Forum Moderators: open

Message Too Old, No Replies

ASP question XML /Database bot list

         

johnhamman

4:20 pm on Apr 4, 2002 (gmt 0)

10+ Year Member



What do you think would be a better way of listing the spiders to access? a xml file or from a database and why?
Im trying to make a spider utility from scratch.
john

william_dw

7:28 pm on Apr 4, 2002 (gmt 0)

10+ Year Member



Hiya,
When you say a spider utility, I assume you mean a tool to generate robots.txt's?.

If so I would use XML,
the reasons are:
1 Size: You wont need to do any insert's into the database once it's created, so the overhead of a database would swell your distribution package. (for example a blank access db starts out at 130kb, an XML file starts at 21[xml header <?xml version="1.0"?>]).
2 Format: XML is easier to work with as you can easily edit the file with a text editor if needs be.
3 Interoperability: Pretty much any programming language can work with XML
4 Speed: Although once a connection pool has been setup databases are slightly faster, for a tool where it's likely you will just have a single read operation to load all the spider details, XML is a smaller file which should in theory be quicker.

Those are the reasons I can think off the top of my head, plus if you aim to sell this (for money, to your boss as a idea, etc), XML standards based sounds nice and new.

HTH,
Dw

johnhamman

7:31 pm on Apr 4, 2002 (gmt 0)

10+ Year Member



no actualy i mean like to store a list of BotIP addys,usragents,etc... for like cloaking and blocking.
But now that you mentioned to create robot.txt hmmm. good idea!

Josk

7:53 am on Apr 5, 2002 (gmt 0)

10+ Year Member



I would go for a database...I went down this route sometime ago.
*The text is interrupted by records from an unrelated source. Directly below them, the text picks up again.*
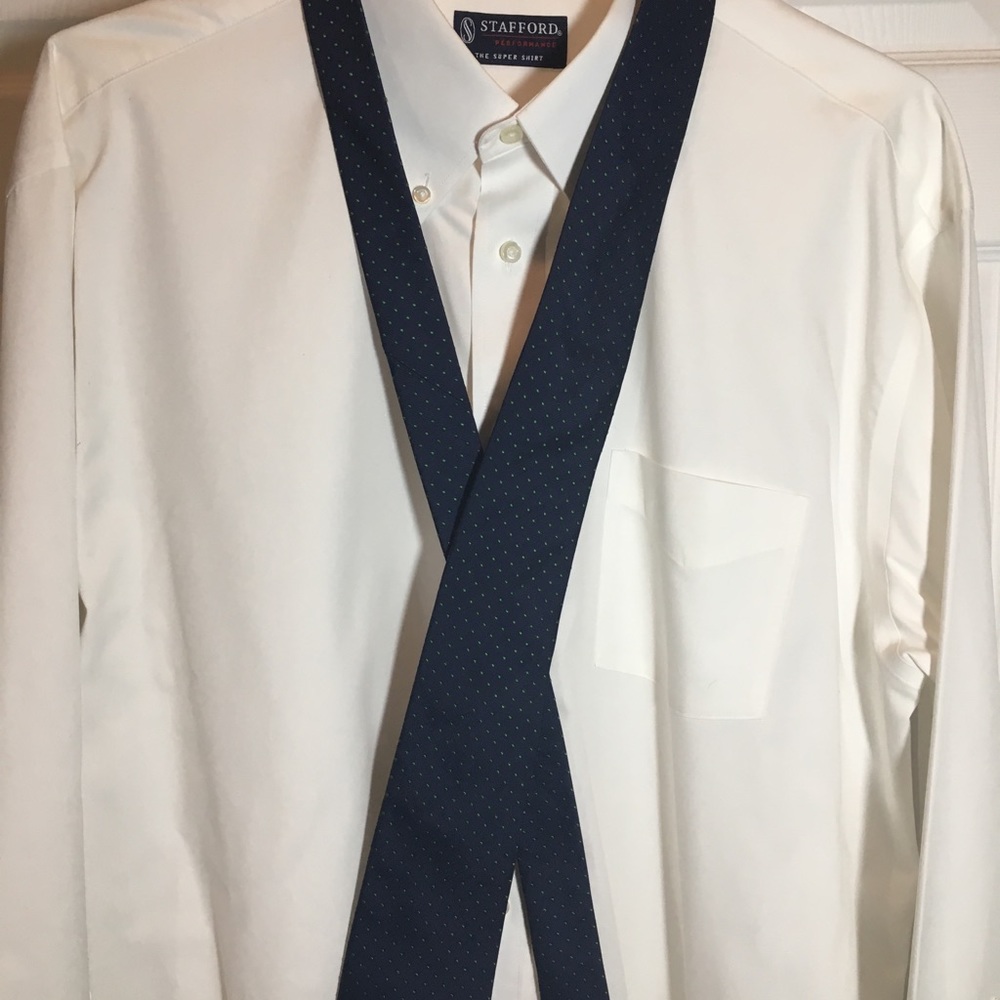 Chaps Tie, Hand Made 100% Silk, Blue w/ Green Dots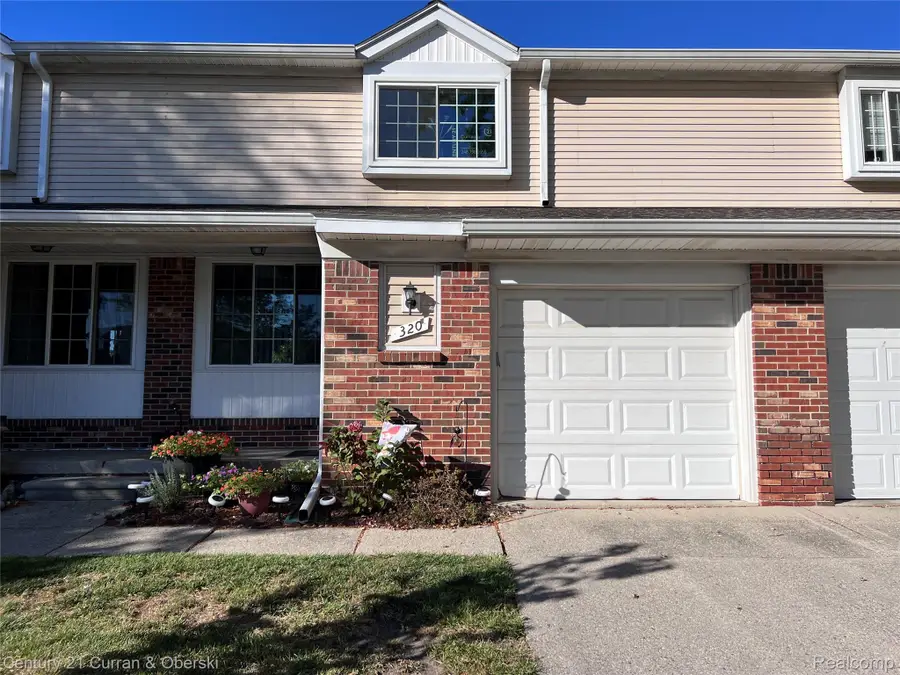 320 Hampton Ct #33, South Lyon, MI 48178 - Image #2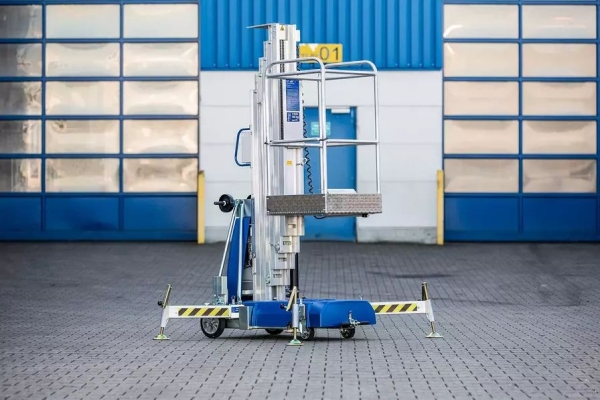 BÖCKER ALP-Personen-Lift Modell PHC 1100 EU1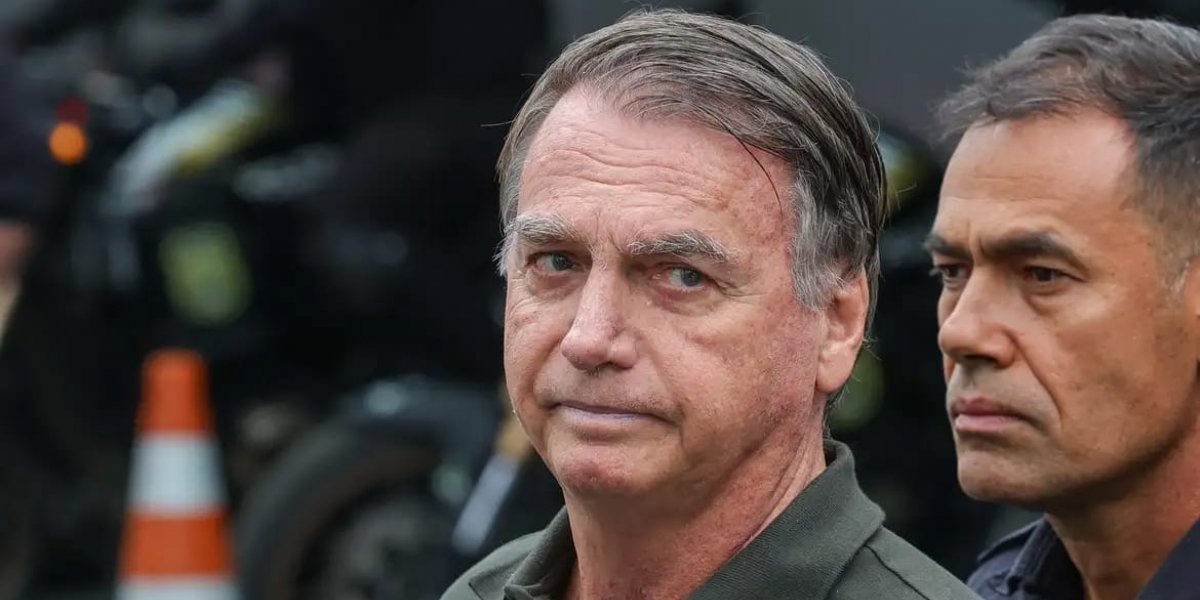 Moraes pede detalhes das funções dos funcionários na casa de Bolsonaro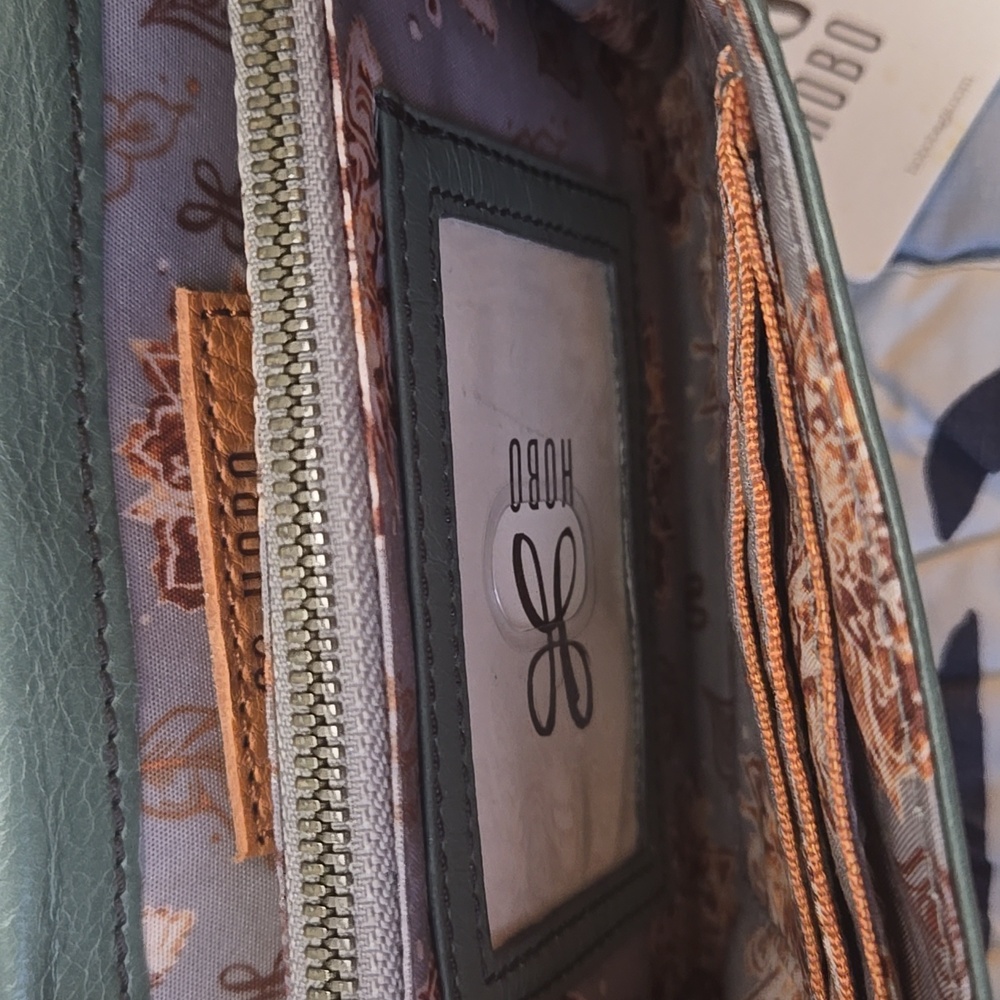 Hobo Jetty Crossbody Purse in Bottle Green - Picture 7 of 8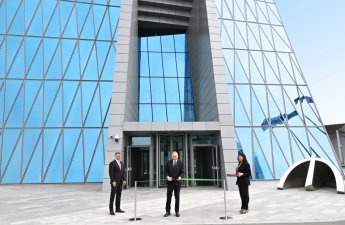 İlham Əliyev Mərkəzi Bankın yeni binasının açılışında iştirak etdi - FOTOLAR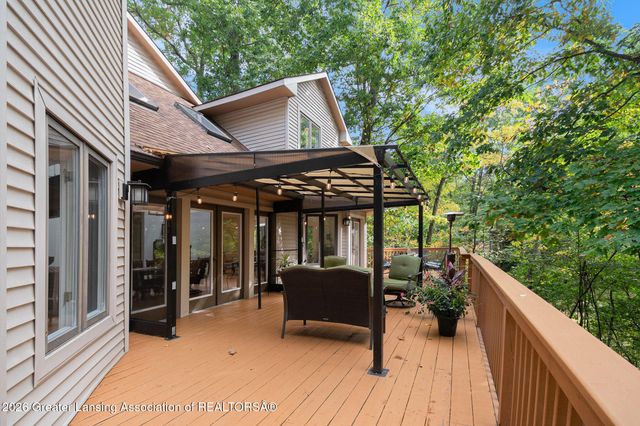 2473 Small Acres Lane, Okemos, MI 48864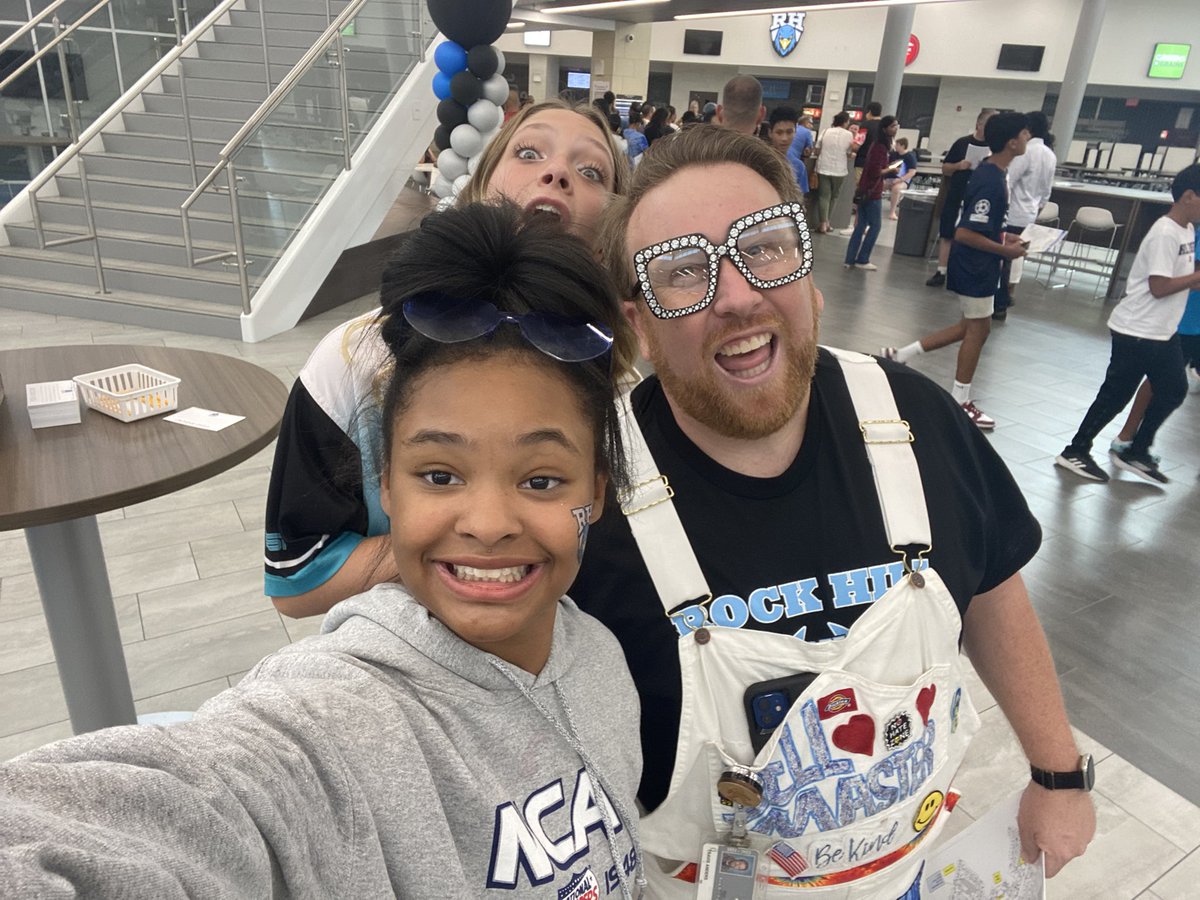 hatcher_rhyan's tweet photo. couple more days till im a freshman 💙 https://t.co/ij3Xlba4vb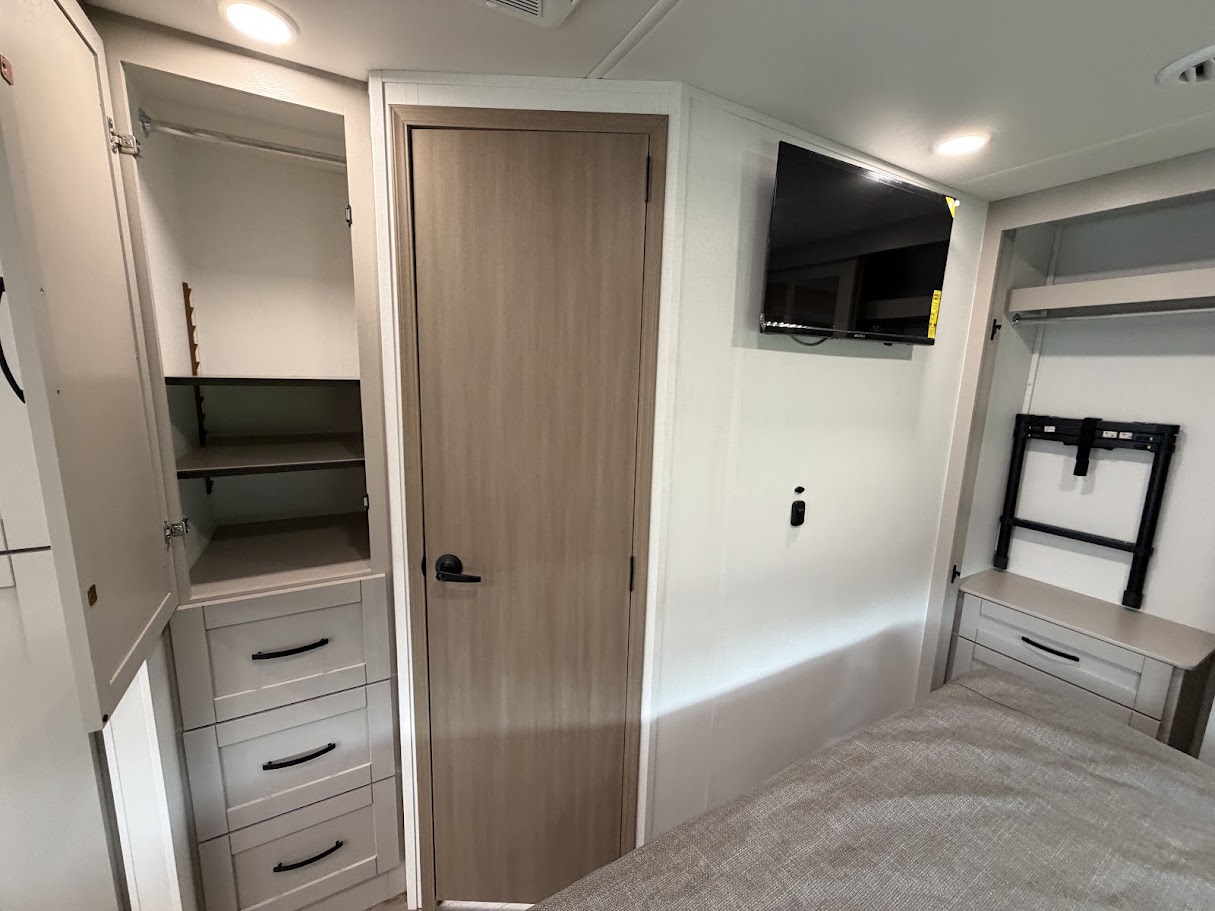 2027 JAYCO GREYHAWK XL 32U - Image 45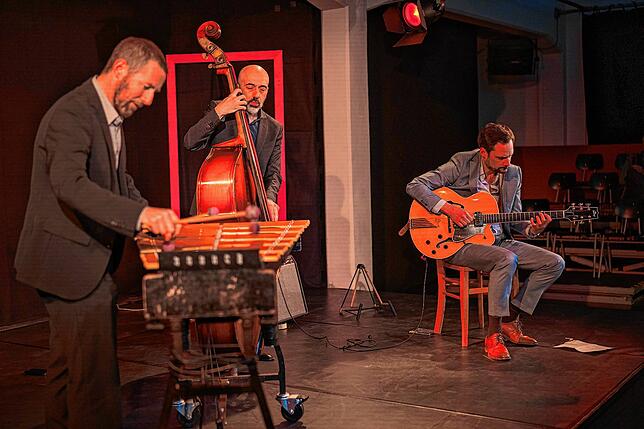 Bild 4: Seelenmassage zum Wochenstart – Das Jörg Enz Trio in der Basilika Singen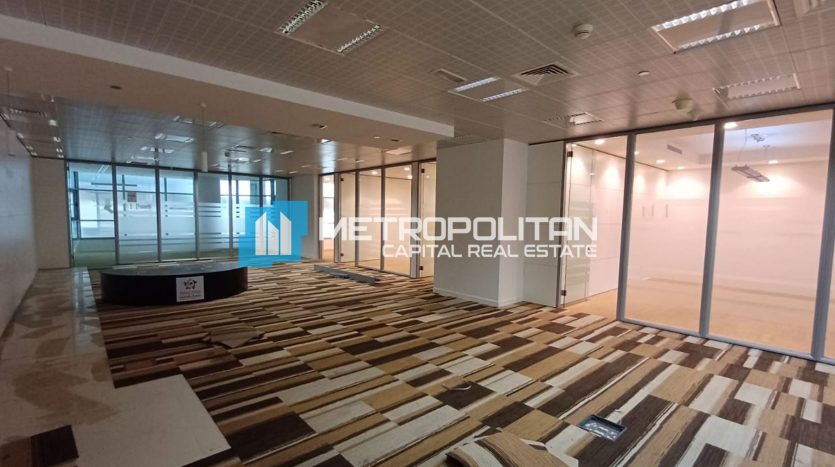 Office on Al Khalidiya, Abu-Dhabi, 288 m2 / per year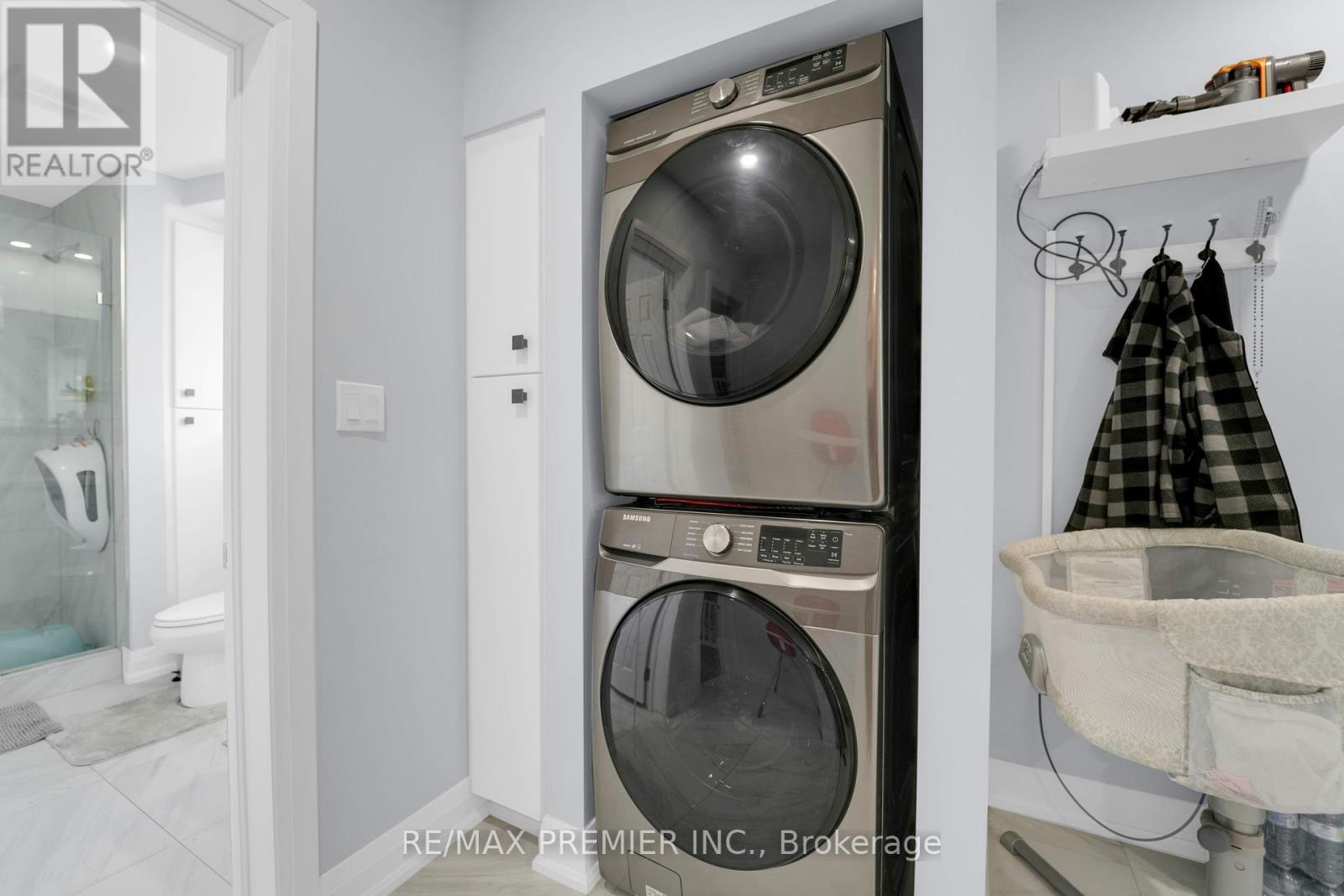 434 Victoria Park Avenue, Toronto, Ontario  M4E 3T2 - Photo 6 - E11988329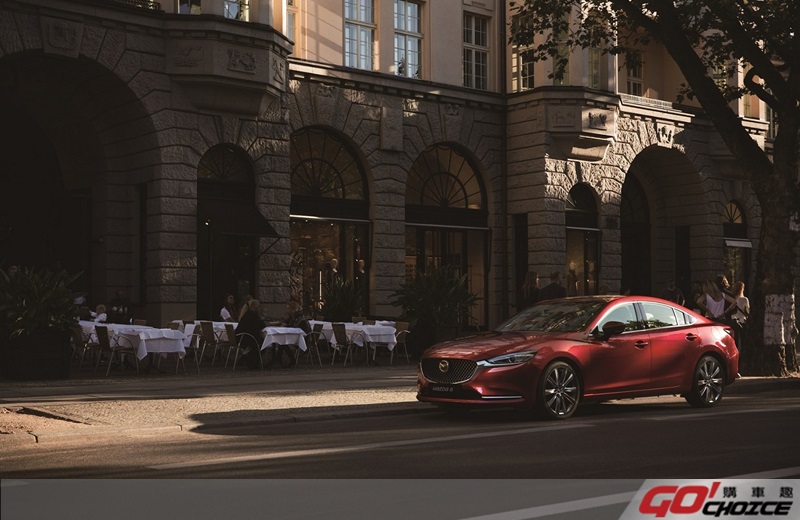 2020年式Mazda6提供更完善的i-Activsense主動安全科技，全車系標配MRCC全速域主動車距控制巡航系統、360°環景輔助系統以及DAA駕駛疲勞警示系統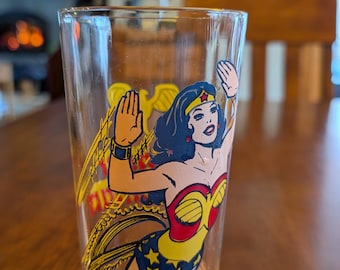 Vintage 1978 Pepsi Collector Series DC Comics Wonder Woman Drinking Glass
Making and updating robots.txt is now a matter of running a perl script every so often all the sites are updated to the latest versions.

Hint: use mysql (or better)

johnhamman

12:59 pm on Apr 5, 2002 (gmt 0)

10+ Year Member



it wont make robot.txt, I ment it for storage of spiders for cloaking!

Josk

5:23 pm on Apr 5, 2002 (gmt 0)

10+ Year Member



oops...but mine does that too! (once you have have a decent database, these things become quite easy...)